Round 3 vs. Philadelphia 76ers — Nets in... 5? *ducks*
I’m honestly not sure what it is about Philly. I just have... doubts about their abilities to hang with Brooklyn, despite the obvious added value of possessing a top-2 defense with a plethora of rangy wings (Ben Simmons, Mattise Thybulle, Danny Green, etc.) and an elite rim protector in Joel Embiid. The offense is where I struggle.
Remember the golden rule? A top-10(-ish) offense and defense? Philly sits 13th in offensive rating with the 14th-ranked halfcourt offense, and I worry that’s just not enough.

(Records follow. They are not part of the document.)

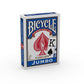 Bicycle® Kartenspiel Rider Back Jumbo Index, 1 Packung, 2-fach sortiert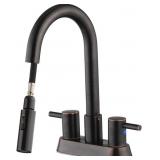Oil Rubbed Bronze Bathroom Faucet with Pull Out Sp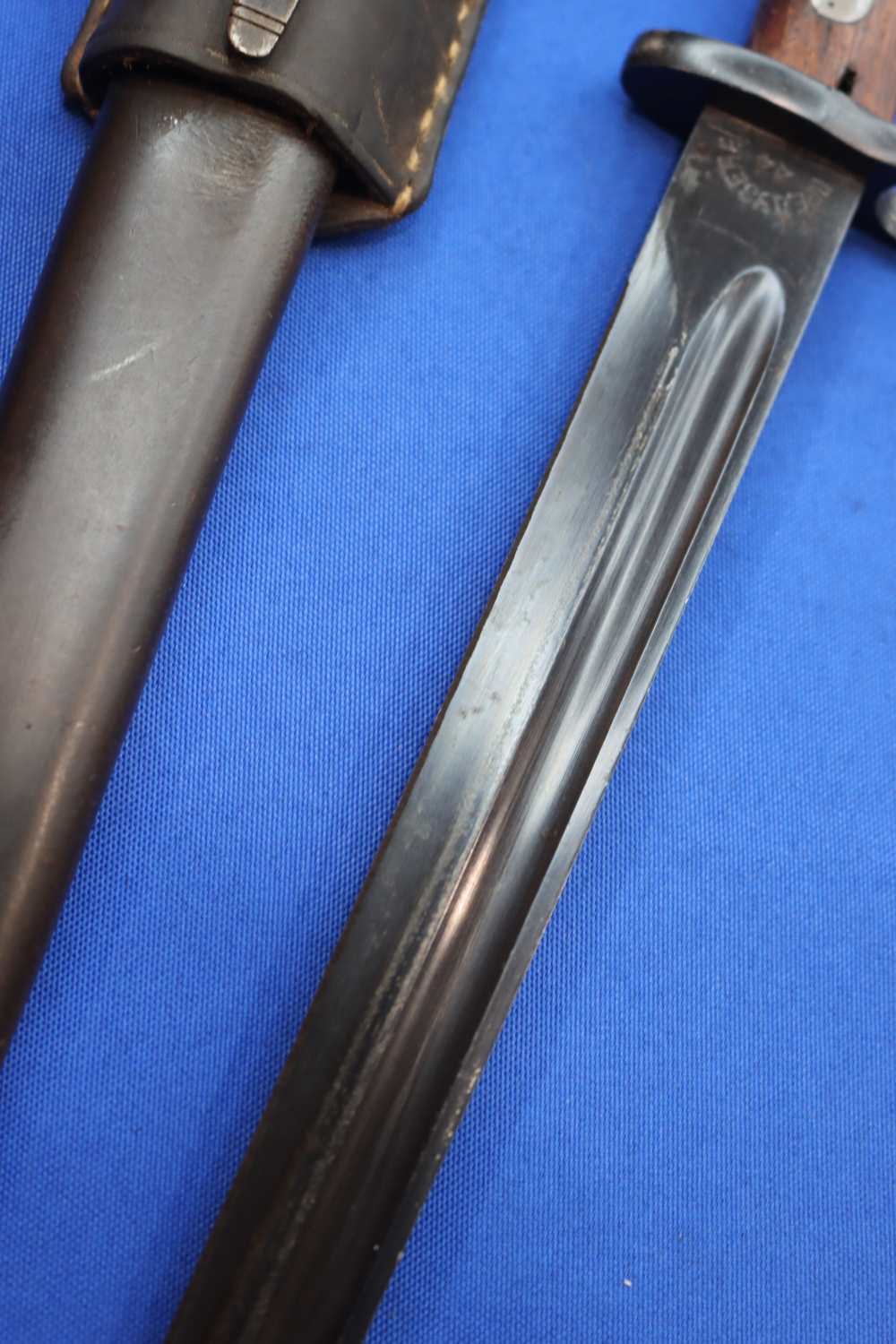 Yugoslavian M1948 Mauser Bayonet PREDUZECE 44 Zastava Scabbard Frog Early-img-2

You’d want Philly’s 3-point accuracy to be a little more potent than 37.4 percent (which ranks 11th league-wide; Brooklyn is No. 2 in 3P%) and you’d certainly prefer a more sizable 3-point diet than 30.4 per game (26th in the NBA; Brooklyn ranks 12th).
By the end of the regular season series, Brooklyn figured out some things coverage-wise for Joel Embiid, namely the timing of when to spring traps on the MVP-caliber center. Joel will get his because he’s awesome, of course, and Tobias Harris has been terrific this year; but by this point, Brooklyn will have a nice set of reps for its stars and I expect the offense to be clicking on all cylinders. Philly will need to string together a set of outlier shooting performances to hang around.
Round 4 vs. Los Angeles Lakers — Nets in 6
I’d have better luck picking out a name from a hat than guessing who will come out of the West, but for now, I’m settling on the Lakers (bold, I know). The fun part about a Lakers-Nets matchup is that we know literally nothing about how these teams match up. A meetup between the best defense in the league and a record-breaking offense that put up the highest true shooting percentage in NBA history should be the ultimate test of “defense vs. offense wins championships.”
Right now, I guess I’m picking the offensive side of that billing with the added caveat that this prediction, more than any others, is liable to change as we get more and more data and tape on each of these squads.
So here we are on May 21: 0 down and 16 to go. Hope it lasts that long.